What maternity leave is and who qualifies
Statutory Maternity Leave is the right of an employee to take time off around the birth of a child. It totals 52 weeks, divided into 26 weeks of Ordinary Maternity Leave followed by 26 weeks of Additional Maternity Leave [1]. The earliest the leave can start is 11 weeks before the expected week of childbirth, and it starts automatically if the employee is off work for a pregnancy-related reason in the four weeks before the due date [3].
The day-one right to leave
Maternity leave itself carries no minimum service requirement.
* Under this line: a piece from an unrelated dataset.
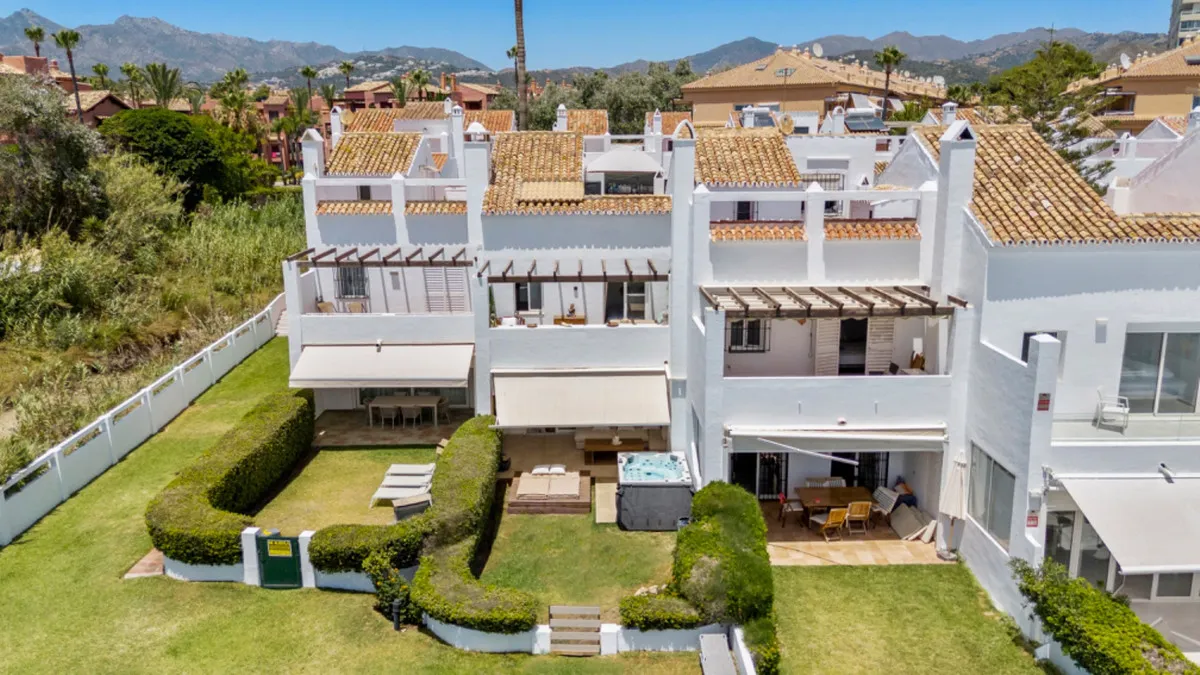 f5324cef-a4b8-487c-abd0-529005e2732c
Any employee qualifies from the first day of employment, regardless of how long they have worked for the employer or how much they earn [4]. This is the key distinction between leave and pay: the leave is a day-one right, while pay depends on separate service and earnings tests covered below [1]. Workers who are not employees, such as agency workers without employee status, do not qualify for statutory maternity leave although they may have other entitlements [4].
Compulsory maternity leave
An employee does not have to take the full 52 weeks, but the law sets a floor. At least two weeks of leave immediately after the birth are compulsory, and an employer commits an offence by allowing a return to work during that period [1]. The compulsory period rises to four weeks for those working in a factory [3]. Beyond that minimum, the employee chooses how much of the entitlement to use. A separate explainer looks at how long maternity leave lasts and how the paid and unpaid portions fit together.
How maternity pay works during leave
Statutory Maternity Pay is the payment that supports an employee through the early part of maternity leave. It is payable for up to 39 weeks, leaving the final 13 weeks of a full 52-week leave unpaid unless the contract provides more [1]. Modern HMRC-recognised payroll software for SMEs calculates the rate changes automatically across the 39 weeks, but the underlying rules are worth understanding.
The two SMP rates
SMP has two distinct phases. For the first six weeks it is paid at 90% of the employee's average weekly earnings with no upper cap. For the remaining 33 weeks it drops to the lower of £194.32 a week or 90% of average weekly earnings for the 2026-27 tax year [2]. Average weekly earnings are measured over the eight weeks up to and including the last payday before the end of the qualifying week, the 15th week before the week the baby is due [7].
To qualify for SMP an employee must have at least 26 weeks of continuous service into the qualifying week and average weekly earnings at or above the Lower Earnings Limit, which is £129 a week for the 2026-27 tax year [3]. The table below summarises the two phases.
| Phase | Weeks | Rate (2026-27) |
|---|---|---|
| Higher rate | Weeks 1 to 6 | 90% of average weekly earnings, no cap |
| Standard rate | Weeks 7 to 39 | £194.32 or 90% of earnings, lower of |
| Unpaid | Weeks 40 to 52 | No SMP |
When SMP cannot be paid
An employee who does not meet the service or earnings test cannot receive SMP. In that case the employer issues form SMP1 and the employee usually claims Maternity Allowance from the Department for Work and Pensions instead, worth up to £194.32 a week for up to 39 weeks [14]. The mechanics of that handover are covered in the dedicated guide to the SMP1 form. Maternity Allowance uses a broader work test than SMP, so an employee with short service or irregular earnings may still qualify for state support even when the employer cannot pay [14].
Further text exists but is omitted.